_WHAT THE TASK REQUIRES_.
Pictures are to be left out, and only the lines below starting at the one with "Immeuble de 9" and ending at the one with "Lot 288: Large" are to be reproduced, each exactly, both ends included.

_EXERCISE INPUT_.
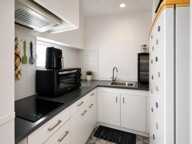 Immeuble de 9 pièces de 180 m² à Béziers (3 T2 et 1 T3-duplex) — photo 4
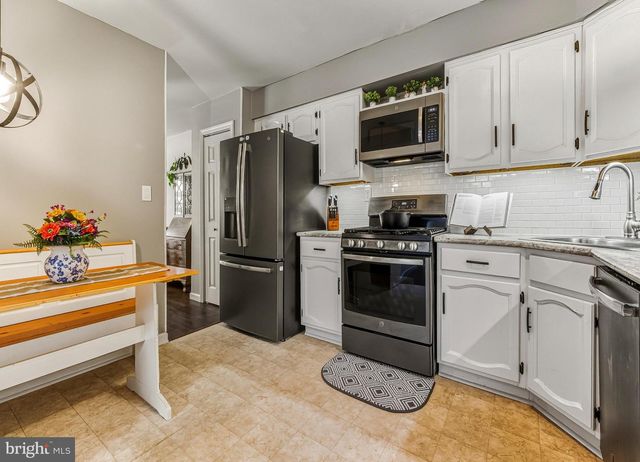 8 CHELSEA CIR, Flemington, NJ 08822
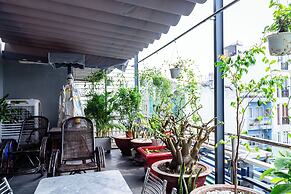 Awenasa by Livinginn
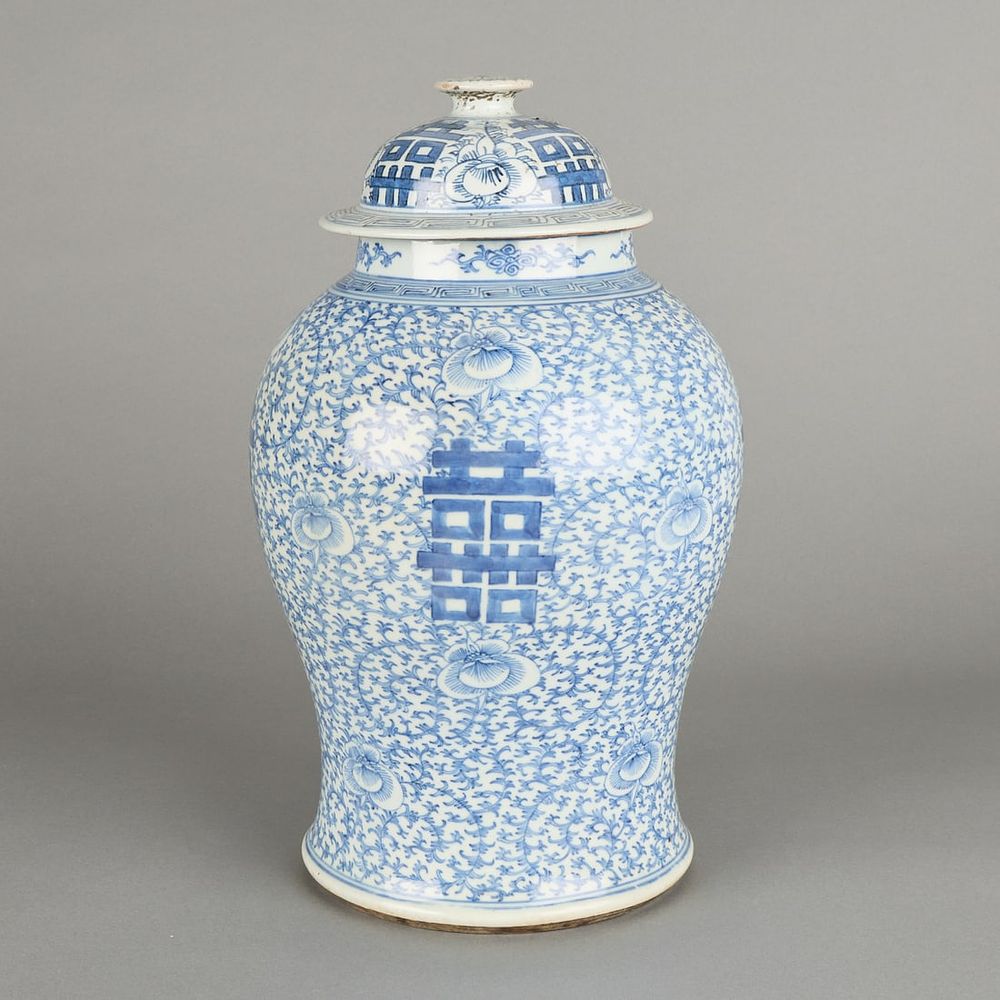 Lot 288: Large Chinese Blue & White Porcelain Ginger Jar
==
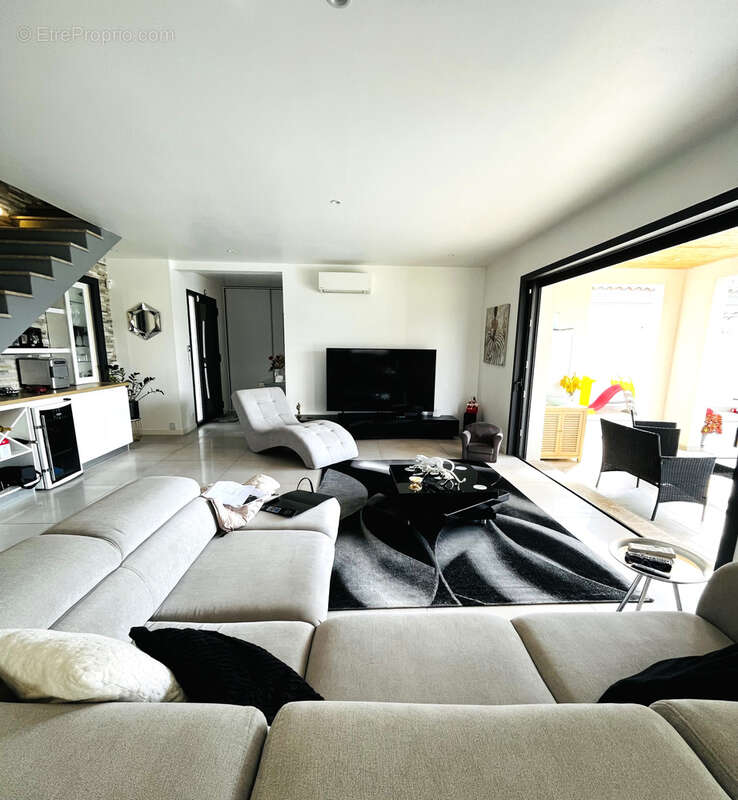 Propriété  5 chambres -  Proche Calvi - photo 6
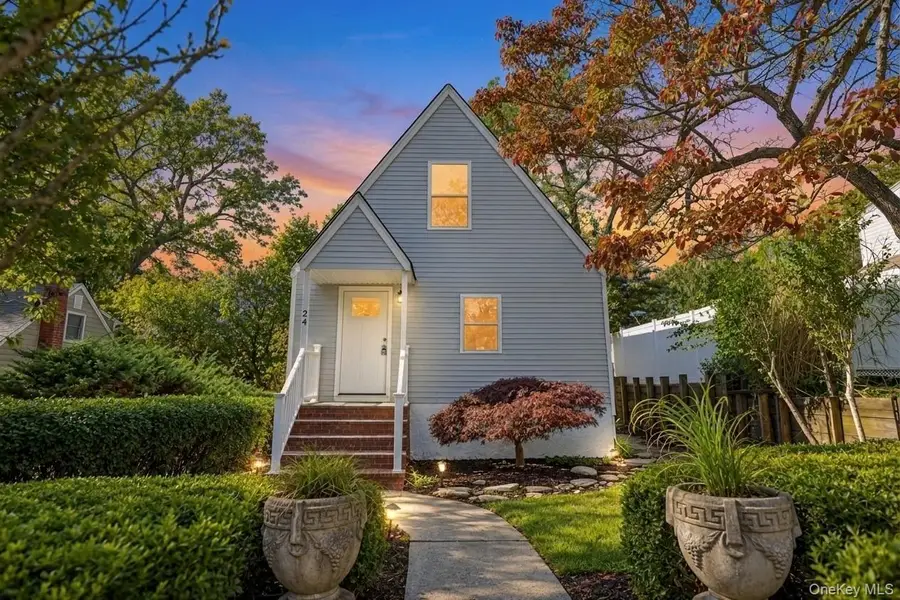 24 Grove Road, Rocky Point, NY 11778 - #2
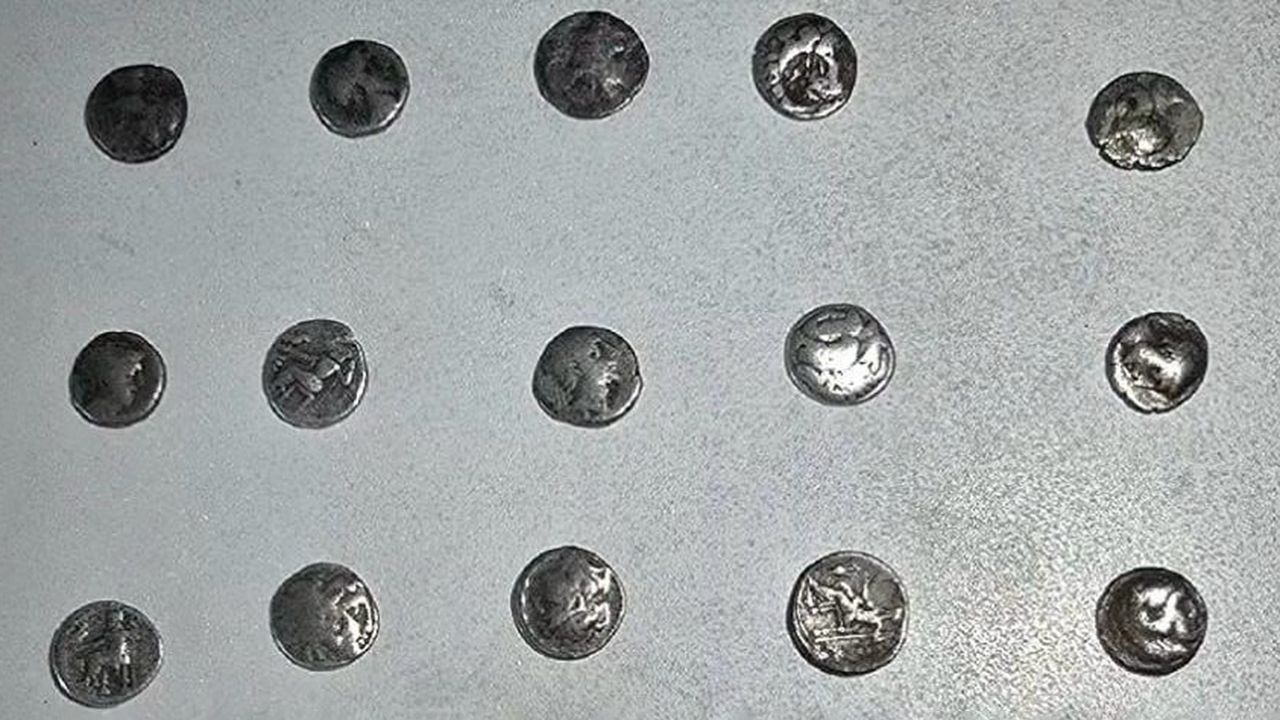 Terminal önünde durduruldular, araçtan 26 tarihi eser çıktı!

_ANSWER TO THE PROBLEM_.
 Immeuble de 9 pièces de 180 m² à Béziers (3 T2 et 1 T3-duplex) — photo 4
 8 CHELSEA CIR, Flemington, NJ 08822
 Awenasa by Livinginn
 Lot 288: Large Chinese Blue & White Porcelain Ginger Jar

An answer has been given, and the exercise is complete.